No other yes, aside from that of Christ, has had a greater impact on the history of mankind than that of our Blessed Mother. Propelled forth by the grace of God, the handmaid of the Lord left us an example of the humility with which we must embrace the will of God, even when the whole picture isn’t exactly as clear as we would like. That remains true for each and every one of us who have undertaken this Lenten journey with the right intention of more accurately joining our wills to that of God and of attaining greater conformity to Christ through lives of discipleship.
The garden of our Blessed Mother’s womb became the temporal place in which God pitched His tent among us and began to unravel — once and for all — the path by which a straying humanity would once again be reconciled to its Creator. This first garden in the New Testament is, therefore, a sort of antechamber to the garden of the Tomb. What began — in earthly terms — with our Blessed Mother’s yes finds its fulfillment in the fiat of Jesus, whose unity with the Father’s will brought about the redemption of mankind.
The yes of the Son fully reveals the love of the Father on Calvary. There, the fiat of Christ gives us an insight into the Trinitarian life of the Father, the Son, and the Holy Spirit. However, this central mystery of our Christian faith would all occur in a vacuum if it wasn’t for the joy of Easter morning. It is the empty tomb that ultimately stands as a silent witness to the omnipotent love of God. Its emptiness speaks eloquently of God’s fullness, its silence sings the Lord’s praises.

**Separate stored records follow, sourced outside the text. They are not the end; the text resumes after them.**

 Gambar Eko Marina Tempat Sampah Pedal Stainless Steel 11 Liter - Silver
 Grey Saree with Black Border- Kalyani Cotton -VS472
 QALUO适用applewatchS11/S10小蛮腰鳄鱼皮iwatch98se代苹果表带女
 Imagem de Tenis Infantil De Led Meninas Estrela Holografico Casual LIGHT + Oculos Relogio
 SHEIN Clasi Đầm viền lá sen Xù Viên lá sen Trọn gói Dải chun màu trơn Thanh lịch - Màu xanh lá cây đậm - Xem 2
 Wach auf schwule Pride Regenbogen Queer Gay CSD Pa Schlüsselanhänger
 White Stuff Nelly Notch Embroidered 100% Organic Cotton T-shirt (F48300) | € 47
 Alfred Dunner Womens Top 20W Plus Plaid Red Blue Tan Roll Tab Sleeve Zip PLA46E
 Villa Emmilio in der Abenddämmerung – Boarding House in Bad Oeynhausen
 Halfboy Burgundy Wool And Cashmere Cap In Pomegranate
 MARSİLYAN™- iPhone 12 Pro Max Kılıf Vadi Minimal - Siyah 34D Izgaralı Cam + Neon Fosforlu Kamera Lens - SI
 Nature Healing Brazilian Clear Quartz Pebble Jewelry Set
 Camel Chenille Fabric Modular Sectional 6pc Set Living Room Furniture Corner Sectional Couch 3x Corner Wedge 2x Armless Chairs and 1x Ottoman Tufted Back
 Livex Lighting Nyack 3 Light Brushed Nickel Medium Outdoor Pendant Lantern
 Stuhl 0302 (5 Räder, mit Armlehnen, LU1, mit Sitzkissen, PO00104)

The garden of the empty tomb proclaims once and for all God’s definitive victory over sin and death wrought by Christ’s self-emptying love on the Cross. It is at the empty tomb where Christ, once the gardener that tilled the soil of our salvation on Calvary, now reaps for us the fruits of redemption. Man can once again enjoy friendship with the Father, in Jesus Christ, through the workings of the Holy Spirit.
It is that unfathomable mystery of God’s Love that we celebrate during the Triduum. This Holy Week, keeping in mind the significance of March 25, we can enter into it reflecting on Mary’s fiat, which in turn leads us to the fiat of Christ on Good Friday. The obedience of Mother and Son gives us an example to emulate as we pursue our ultimate goal — both temporal and eternal — during this holy season: the joy of Easter Sunday in this life and the vision of the Risen One in the next.
En el último libro del Cardenal Roche, Los Jardines de Dios, el Prefecto del Dicasterio para el Culto Divino y la Disciplina de los Sacramentos destaca varios de los diferentes jardines bíblicos — algunos físicos y otros alegóricos — que jugaron un papel fundamental en la historia de la salvación. En este breve artículo, quisiera enforcarme en dos de esos jardines — el vientre de nuestra Santísima Madre y la tumba vacía — en preparación a la celebración del misterio Pascual.
Mientras nos preparamos para celebrar los misterios más importantes de nuestra fe católica, la pasión, muerte, y resurrección de Jesús, creo que reflexionar sobre estos dos ‘jardines’ nos puede ayudar a celebrar el próximo Triduo con renovado gozo y estupor ante el infatigable amor de Dios, quien nunca se cansa de invitar al hombre a una relación esponsal con El.
El 25 de marzo suele ser la fecha en que la iglesia tradicionalmente celebra la fiesta de la Anunciación; aquel glorioso momento en el que Mario pronuncio su fiat y acepto el rol que Dios le había destinado desde el principio a beneficio de toda la familia humana. (Sin embargo, este año esta fiesta litúrgica ha sido trasladada al lunes, 8 de abril ya que el 25 de marzo cae durante la Semana Santa.)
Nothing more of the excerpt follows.